AI Bias: Where Does It Come From and What Can We Do About It?
By Scott Gatzemeier | June 18, 2021
Artificial Intelligence (AI) bias is not a new topic but it is certainly a heavily debated and hot topic right now. AI can be an incredibly powerful tool that provides tremendous business value from automating or accelerating routine tasks to discovering insights not otherwise possible. We are in the big data era and most companies are working to take advantage of these new technologies. However, there are several examples of poor AI implementations that enable biases to infiltrate the system and undermine the purpose of using AI in the first place. A simple search on DuckDuckGo for ‘professional haircut’ vs ‘unprofessional haircut’ depicts a very clear gender and racial bias.
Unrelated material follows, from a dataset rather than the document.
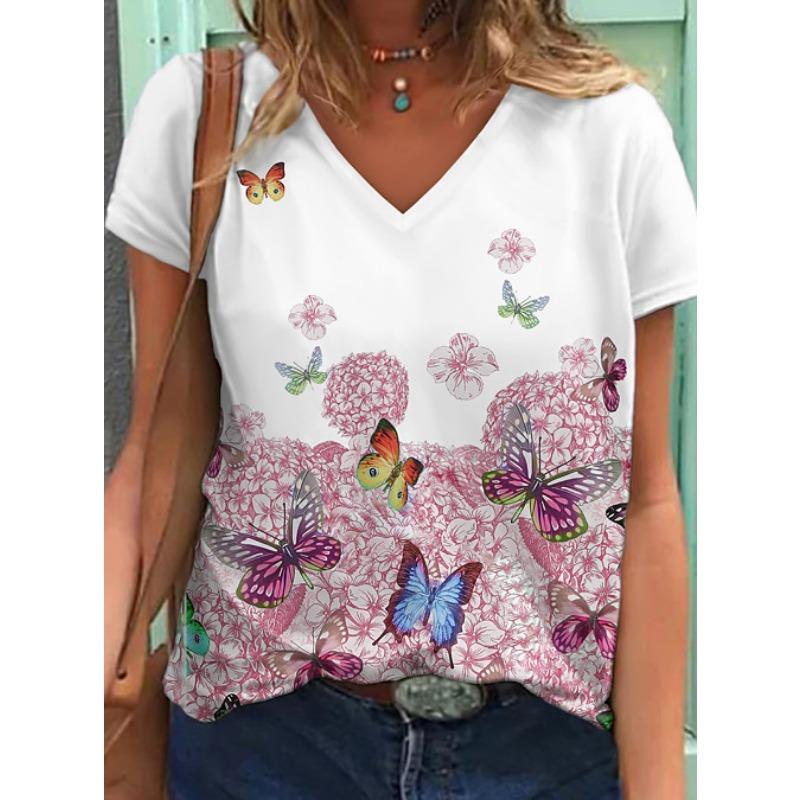 Sommer Schmetterling Libelle 3D V-Ausschnitt Bedruckt Neues Damen Top T-Shirt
In this case, a picture is truly worth 1000 words. This gender and racial bias is not hard-coded in the algorithm by the developers maliciously. Rather it is a reflection of the word-to-picture associations that the algorithm picked up from the authors of the web commentary. So the AI is simply reflecting back historical societal biases to us in the images returned. If these biases are left unchecked by AI developers they are perpetuated. These perpetuated AI biases have proven to be especially harmful in several cases, such as Amazon’s Sexist Hiring Algorithm that inadvertently favored male candidates and the Racist Criminological Software COMPAS (Correctional Offender Management Profiling for Alternative Sanctions) where black defendants were 45% more likely to be assigned higher risk scores than white defendants.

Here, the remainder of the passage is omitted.